In Menagh, the employee worked for the City of Hamilton and was responsible for the City’s labour relations. However, in 2005 the City dismissed the employee without notice after the employee personally and sexually harassed a co-worker. In response, the employee sued the City for wrongful dismissal. The Trial Judge dismissed this action stating that there was overwhelming evidence that the employee engaged in this misconduct.

On appeal to the Ontario Court of Appeal, the Court determined that the Trial Judge had not erred in finding that the City was justified in terminating the employee without notice. In making this decision, the Court considered whether the employee committed misconduct consisting of harassment and whether the degree of the misconduct warranted the employee’s dismissal without notice.

The Court found that “The Trial Judge did not err in finding that on the totality of the evidence, the City had established misconduct consisting of harassment, harassment in the workplace and sexual harassment in the workplace in violation of the City’s harassment policies.” The employee had “persisted in trying to be in a romantic relationship with [his co-worker] after she repeatedly told him that she was no longer interested.” In doing so, the employee communicated with the co-worker’s superiors, colleagues, family members and the co-worker herself. Also, the employee went to the co-worker’s home, watched her at work and made a point of parking his car next to hers.

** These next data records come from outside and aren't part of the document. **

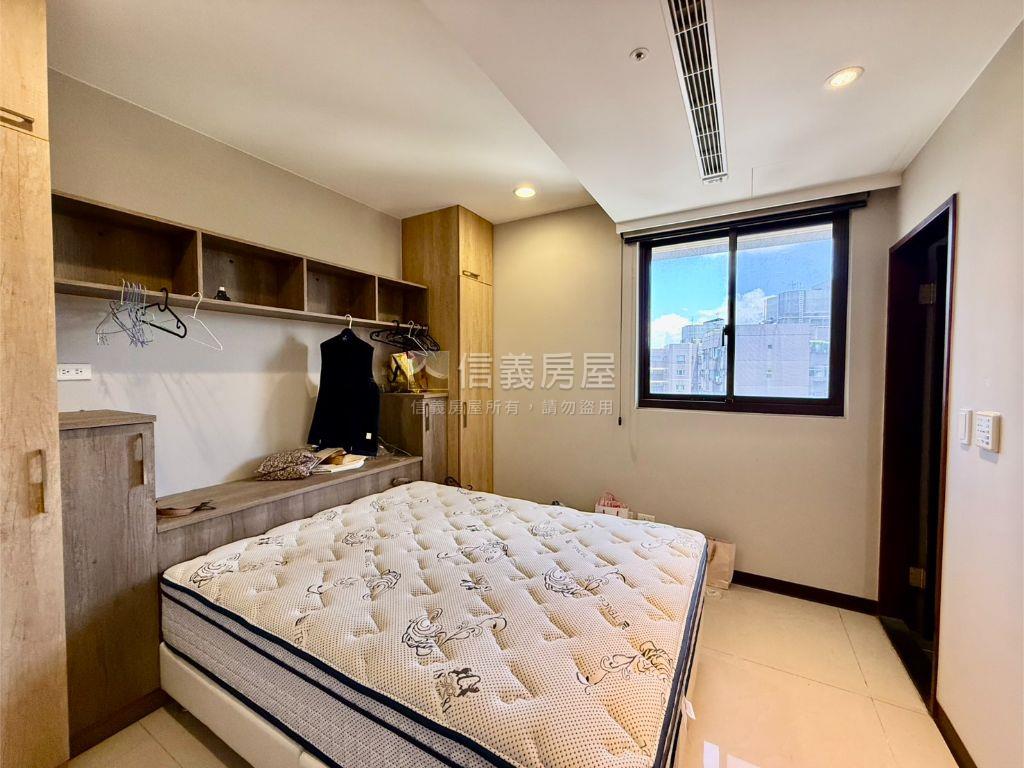 合唐電梯三房尊爵頂戶Ｂ房屋室內格局與周邊環境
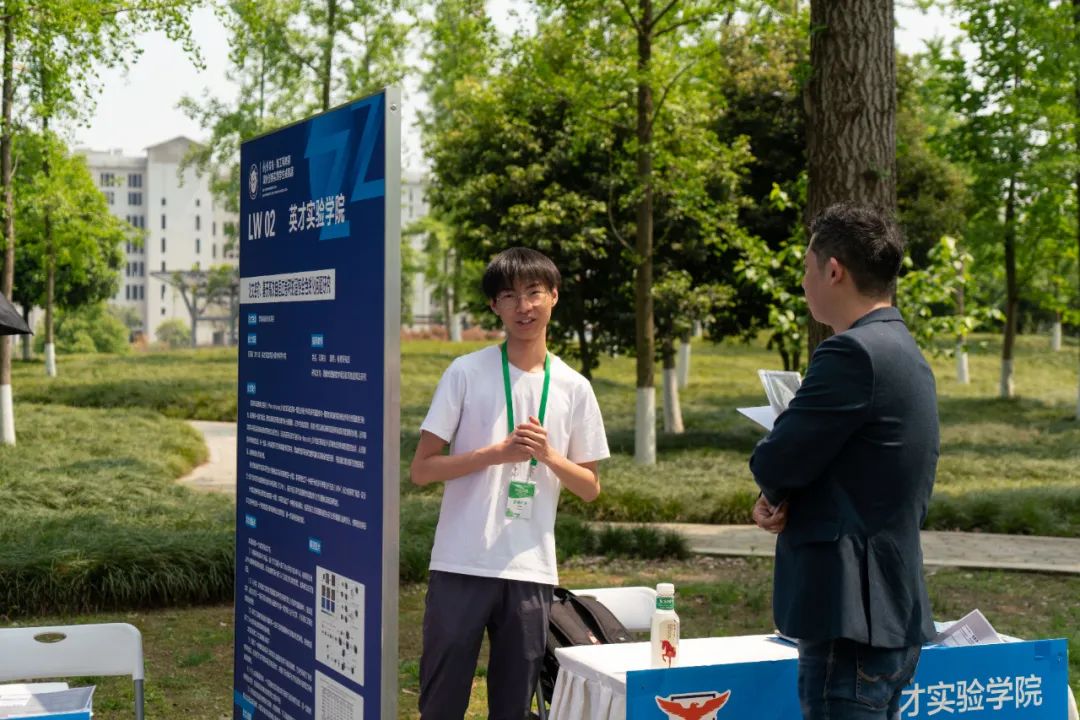 8.jpg 420198f72f1ee603e212a3c60b03293f.jpg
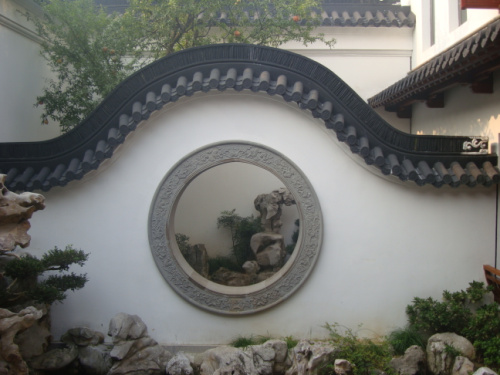 走進(jìn)倉(cāng)庫(kù)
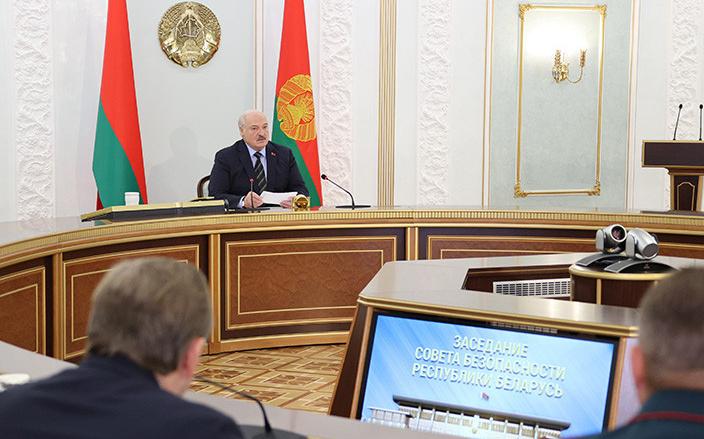 Лукашенко назвал необоснованными и глупыми требования о выводе ЧВК "Вагнер" из Беларуси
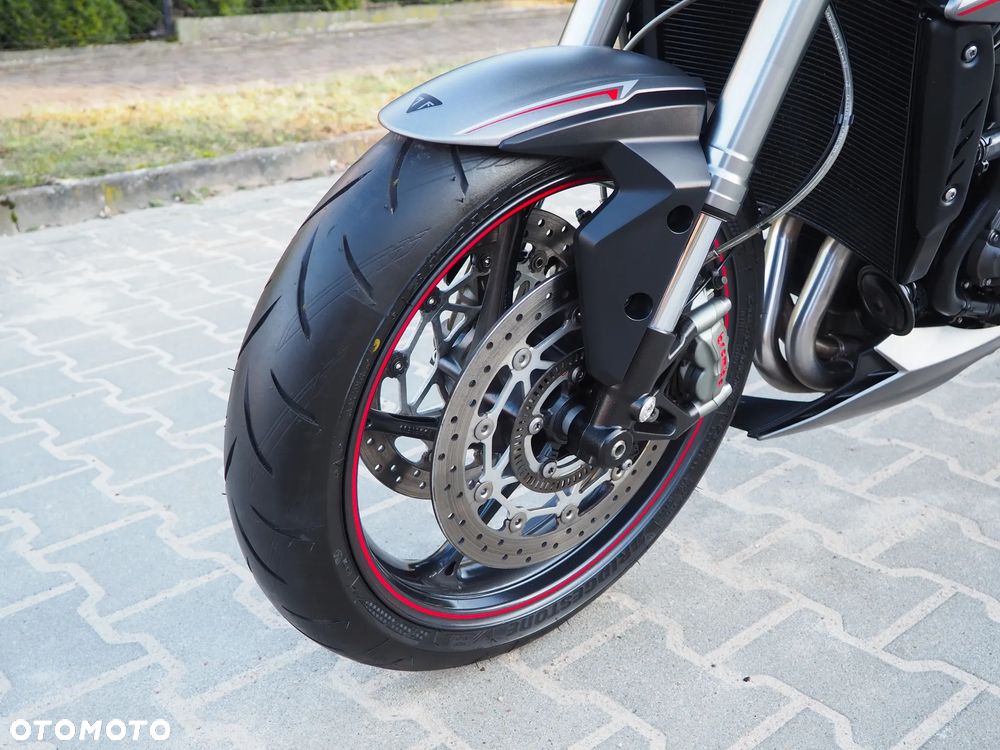 Triumph Street Triple - 19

Additionally, the Court established that the degree of the employee’s misconduct permitted his dismissal without notice. Citing the legal principle found in the Supreme Court of Canada’s decision of McKinley v. BC Tel [2001] 2 S.C.R. 161, “…courts must employ a contextual approach to determine whether just cause exists for termination.” The Court found that “the character of the [employee’s] employment is a key factor” in determining whether his dismissal without notice was permissible. The Court stated, “The [employee] was responsible for labour relations for the City of Hamilton. As such, he was in a senior position that required him to be familiar with all workplace policies (including policies relating to harassment). His misconduct is therefore more serious in light of his particular employment responsibilities.” Due to the character of the employee’s employment, the Court found that the City was justified in dismissing the employee without notice.

The decision in Menagh seems to suggest that some employees can be dismissed without notice for certain misconduct, while others in the same context cannot be due to their differing characters of employment. Instead, these latter employees would be either punished less severely, such as through suspension or warnings, or dismissed with appropriate notice; otherwise the employer may be found to have wrongfully dismissed the employee.